王爺乖乖入懷 第9章(2)

楚雍墘原本已經打算下朝,看那些官員們要怎麼吵可以等著下朝回去慢慢吵,可是宮門外一陣陣通報聲傳了進來——

「輔政王進宮。」

那一聲聲的通報聲像是波浪般由遠而近,而且那些傳報的太監們聲音越來越急促,也越來越快,可以見得來人的度很快,那些吵得讓楚雍墘頭疼的官員,突然一個個都像是噤聲的鵪鶉一樣,全都回到各自的位置站好,只除了兩個宰相,分立兩旁還敢往議政堂外看,其它人早已目不斜視,全都站得直挺挺的。

當楚嵂淅出觀在議政堂門口的時候,門外兩個通報太監尖銳的聲音響徹了整個議政堂。

楚雍墘在龍座上,看著那個穿著一身黑色繡金朝服的男人走來時,他甚至都想揉揉眼楮,確定自己看到的人的確是他的皇叔,那個一直以來不管發生任何大事,都能夠用慵懶的笑容冷靜面對的皇叔。

而就在楚嵂淅踏進議政堂的時候,那些文武百官也像波浪一樣,由遠至近地全都彎下了身,用比對待皇上還要恭敬的態度朝他行禮,楚嵂淅走到兩個宰相所站之處,兩個偶爾還敢對皇上倚老賣老的宰相,也彎下了身子,半點不敢吭聲。

楚雍墘是真的震驚了,甚至心里頭只有一個念頭,幸好皇叔對皇位一點興趣也沒有,不然他下這個位置,只怕根本輪不到他來坐。

楚嵂淅對于其它人什麼態度一點興趣也沒有,他冷凝著臉,看著上座的皇帝,簡單行了禮後就問道︰「皇上收到我自西南先傳來的消息了嗎?」

楚雍墘莫名覺得像是回到從前被皇叔帶著教導為君之道的時候,,忍不住咽了咽口水,才答道︰「已經和文武百官商議過了,可是目前都沒有听過這樣的蟲疫,且西南那里也沒有其他確切的消息傳來,所以……」

雖然很相信皇叔不會拿這等事情開玩笑,但是這樣重大的事情,也不是他一個皇帝獨斷就能拍板定案的……

楚嵂淅知道這其中道理,也沒有逼他,回頭看著剛站直了身子的百官們。

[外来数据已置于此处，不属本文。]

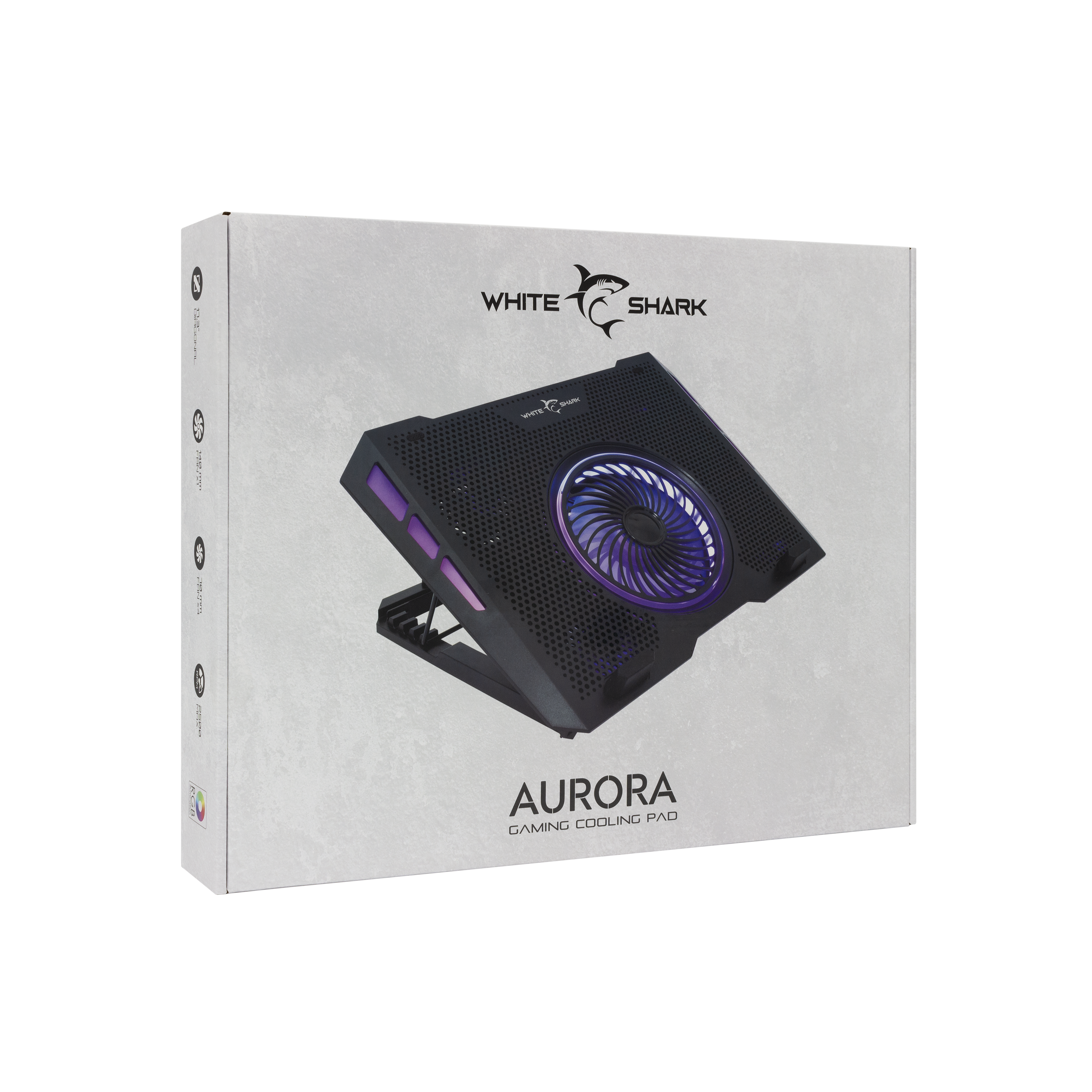 Hladnjak za laptop WHITE SHARK GCP-13 AURORA / 5 vent. RGB-6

「看來本王不過是一段時日沒有過問朝政,說出來的話都無人願意相信了。」

他早就猜到文武百官會是這樣的態度,自有法子讓這些人自主一點的動起來,讓他可以省下口舌,趕緊把西南一帶的混亂控制住,方便他用最快的速度去找她。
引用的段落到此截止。